View: Why Indian economy needs reforms, not stimulus
Sagging sectors of the economy should not expect bailouts from the government
A common tactic that large corporations in India have learnt to deploy effectively whenever they incur large losses is to impress upon the government that unless they are bailed out, the entire sector, even the whole economy, might run into deep trouble. I witnessed the use of this tactic first hand during my years at the Niti Aayog.
In 2015, a leading industrialist whom I had known for a long time came to see me and made this “too big to fail” argument to me. I smiled and told him, “I am afraid such fear mongering does not impress me.” The industrialist smiled back and said, “You are right [about fear mongering]. But when I make this argument to officials in ministries, it often produces the desired result.”
Unsurprisingly, now that the auto industry is experiencing a slump in sales, its captains can be seen making the “save us or else deluge” argument everywhere. For instance, appearing on a foreign television programme, the vice-president of sales at Suzuki Motorcycle India recently noted that commercial vehicles are the first indicator of the health of the economy and declared that their declining sales should be “a wake up call for … the government of the day”. On the same programme, the director general of Society of Indian Automobile Manufacturers (SIAM) opined, “Government has to come forward and help the industry” and that “We feel that a stimulus package is something that the government should really be looking at.”

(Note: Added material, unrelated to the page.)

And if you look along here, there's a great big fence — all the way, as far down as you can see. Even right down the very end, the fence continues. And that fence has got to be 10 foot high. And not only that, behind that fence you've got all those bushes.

It is nobody’s case that the government should never intervene to pull up a sagging economy. But such interventions should be the exception, not the rule. Creative destruction is an integral part of a dynamic economy. If the government implicitly underwrites the losses of private enterprises by offering stimulus any time they suffer large losses, it runs the risk of making them indistinguishable from the numerous inefficient, perpetually loss making public sector enterprises.

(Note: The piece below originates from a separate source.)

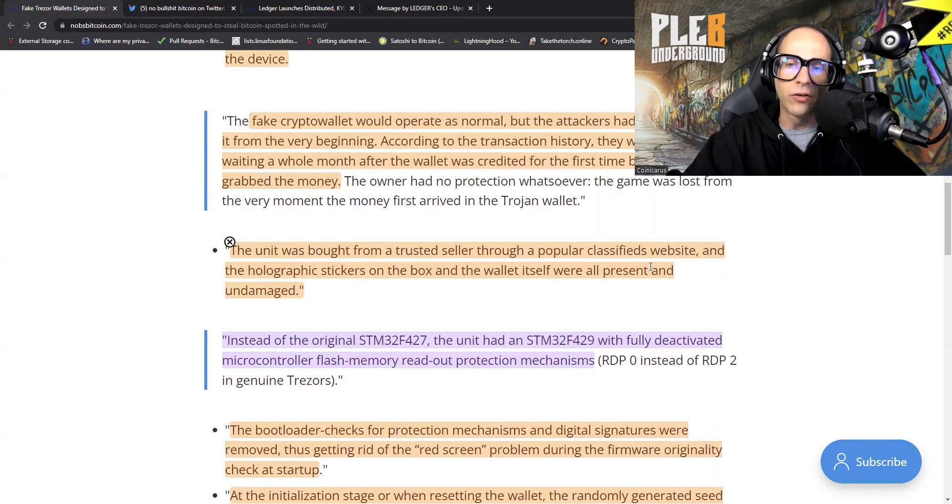The unit was bought from a trusted seller through a popular classifieds website. Make no mistake — in no way do I want to impede someone else's business — but you need to realize if you are carrying Trezor hardware wallets and you are not the Trezor manufacturer, I would never buy my hardware wallet from you. In every single instance of a so-called supply chain attack, it's not the actual supply chain from the manufacturer that's been breached. It's a later point in the process — somebody bought the wallets, tampered with them, put them back into the original packaging as best they could, and just waited for people to buy them.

Profits and losses are key signals that guide investment flows in a market economy. Losses force entrepreneurs to work harder to innovate and cut costs. If they fail despite this because demand has shifted for good, it is time for them to move their investments to other, more profitable sectors. Government rescues that shortchange this process harm rather than benefit the economy.

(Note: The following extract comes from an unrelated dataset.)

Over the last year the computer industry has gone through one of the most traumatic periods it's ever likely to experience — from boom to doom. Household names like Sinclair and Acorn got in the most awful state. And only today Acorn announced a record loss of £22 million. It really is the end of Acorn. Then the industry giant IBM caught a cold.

In the specific case of the auto industry, the case for a government-led rescue is particularly dubious. It is an industry that has enjoyed absolute protection from foreign competition for the entire post-Independence era. Even when import liberalisation became ubiquitous in all sectors, this sector remained protected by an ultrahigh tariff wall. Today, custom duty is 60 per cent on cars costing less than $40,000, 100 per cent on more expensive cars and 125 per cent on used cars.
High tariff protection has allowed inefficient small auto plants to thrive in India at the cost of the customer. In many cases, she is paying one and a half times the price that the customer elsewhere in the world pays for the same car. If the industry thinks that it is fundamentally competitive and its present problems are temporary, it should use the huge profits it made over the last two decades to offer its own discounts to keep its sales going. Alternatively, if the problems are of a long-term nature reflecting its low productivity, it needs to restructure by closing inefficient plants. Profiting on the back of the taxpayer is not the answer.
Prima facie, it stands to reason that the industry’s problems are of a long-term nature. Had it been genuinely competitive, it could have easily made up for the temporary fall in the domestic demand by diverting sales to the vast export market, which was worth $740 billion in 2017. But with just 0.9 per cent share in this market, Indian auto industry has hardly proved its mettle in the world market.
Before rushing to a stimulus package, the government must ponder two important facts. First, loss making sectors always acquire a disproportionate voice in the media and have a vested interest in representing their plight as the plight of the entire economy. But this masks the reality of many sectors quietly operating profitably and growing healthily alongside. For instance, according to media reports, products such as smartphones, smart speakers, washing machines, refrigerators and air conditioners have seen their unit sales grow faster in the six months ending in June 2019 than the corresponding period in 2018.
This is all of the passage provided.